Data excerpts
━━━━━━━━━━

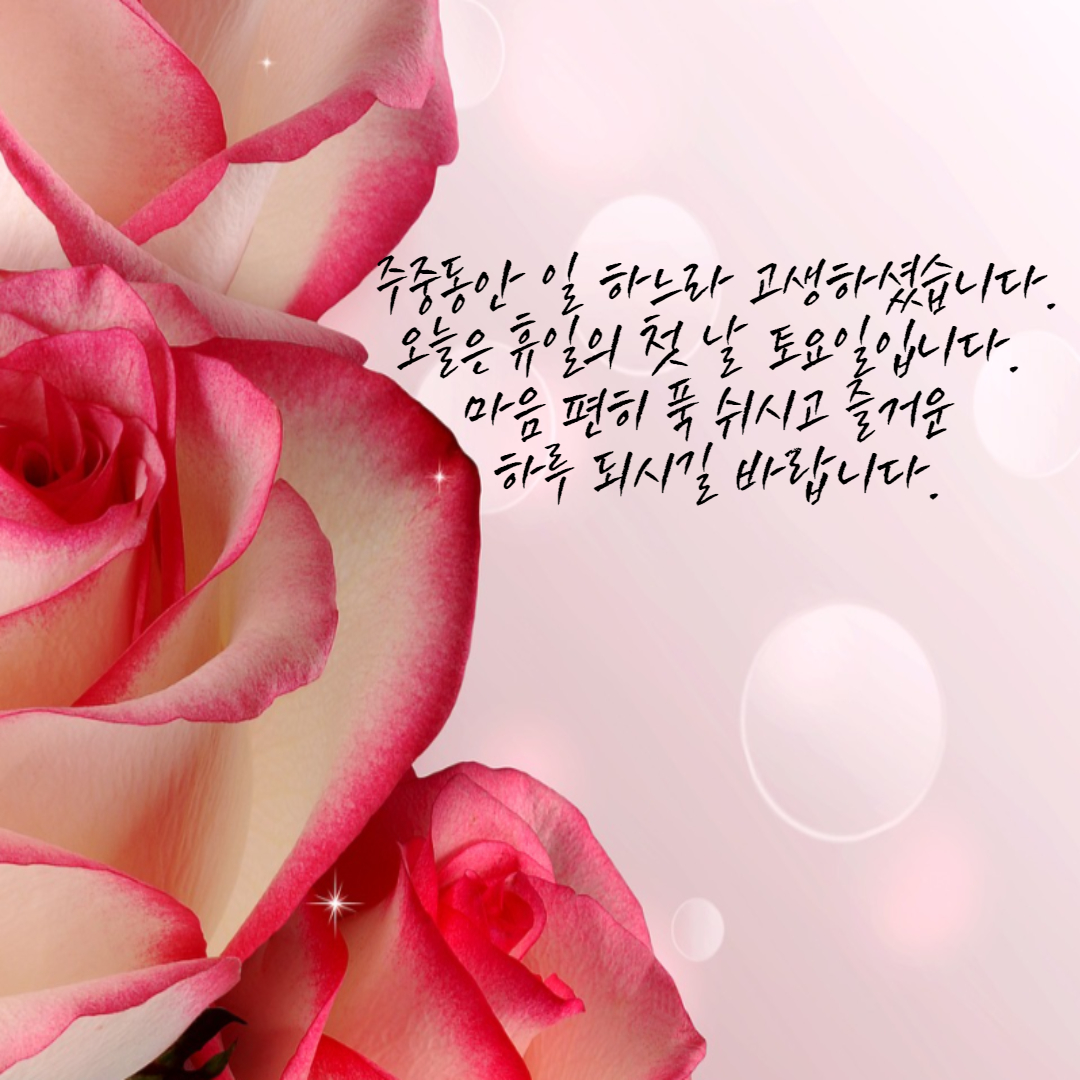  토요일 인사말 이미지, 문구 및 메세지 모음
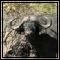 Buffalo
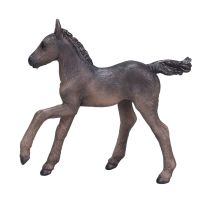 Mojo Arabian Foal Black, 381015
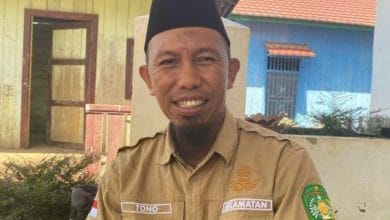 sawit Kembang Janggut
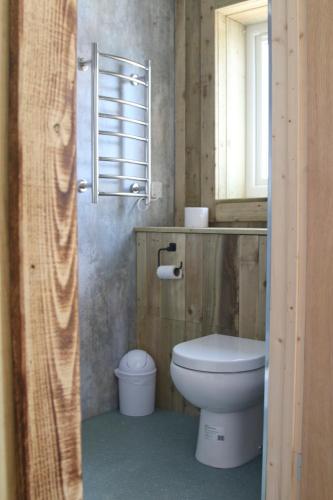 a bathroom with a toilet and a window at The Moo-tel at Moody Meadows in Aberaeron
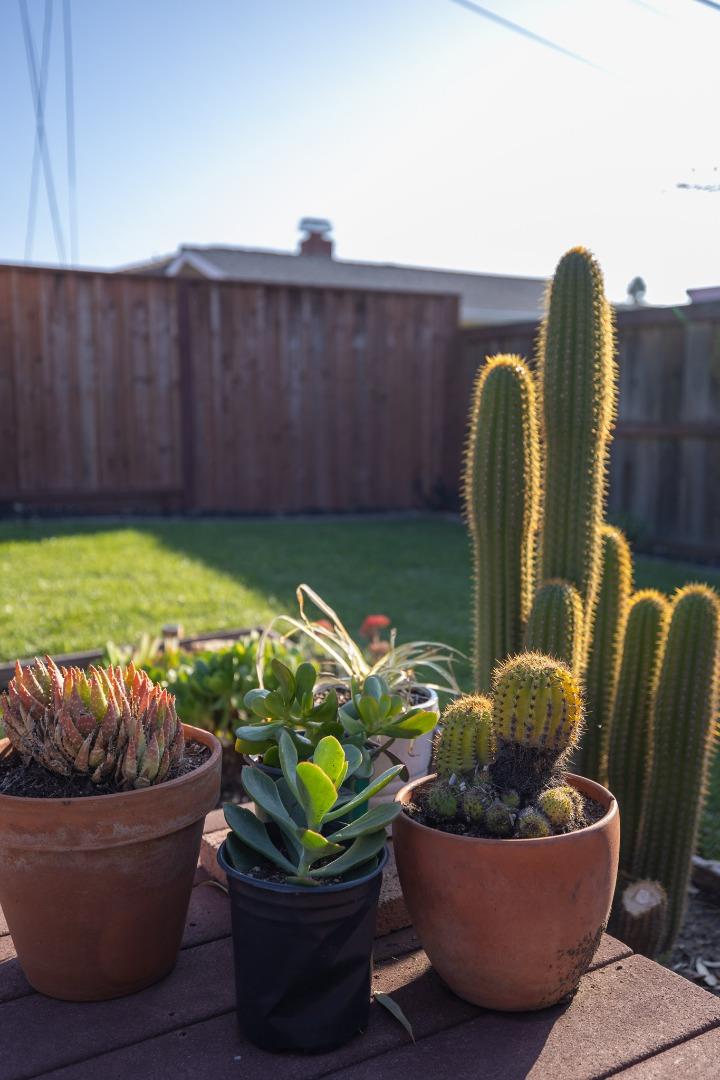 Detail Gallery Image 38 of 50 For 3276 Andora Dr, San Jose,  CA 95148 - 3 Beds | 2 Baths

━━━━━━━━━━

ASSIGNMENT
No pictures belong in the output. Restate word for word only the lines from the one containing "a bathroom with" to the end of the entries above.

RESPONSE AREA
 a bathroom with a toilet and a window at The Moo-tel at Moody Meadows in Aberaeron
 Detail Gallery Image 38 of 50 For 3276 Andora Dr, San Jose,  CA 95148 - 3 Beds | 2 Baths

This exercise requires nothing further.